• STORED DATA:
▬▬▬▬▬▬
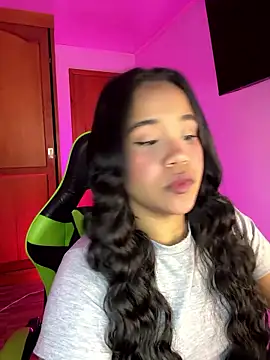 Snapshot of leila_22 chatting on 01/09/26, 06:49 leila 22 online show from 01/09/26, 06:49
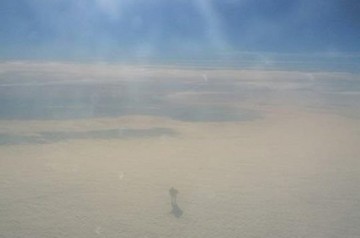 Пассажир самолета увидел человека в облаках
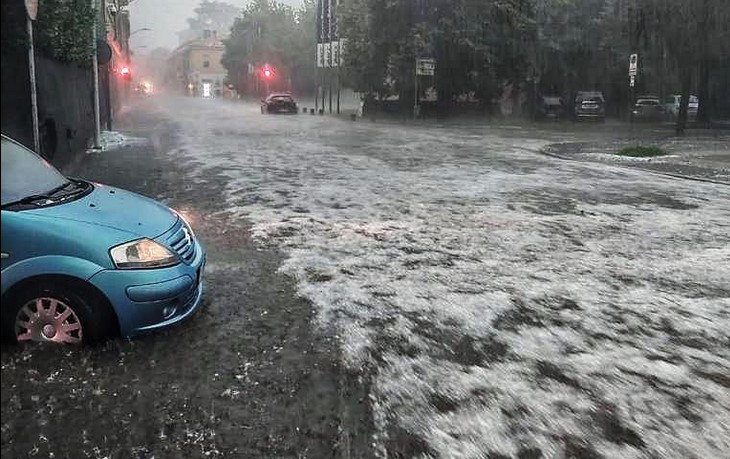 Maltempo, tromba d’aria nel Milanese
▬▬▬▬▬▬
• WHAT IS NEEDED: Go through the material above and print all of it exactly, except the pictures.

• RESPONSE AREA:
 Snapshot of leila_22 chatting on 01/09/26, 06:49 leila 22 online show from 01/09/26, 06:49
 Пассажир самолета увидел человека в облаках
 Maltempo, tromba d’aria nel Milanese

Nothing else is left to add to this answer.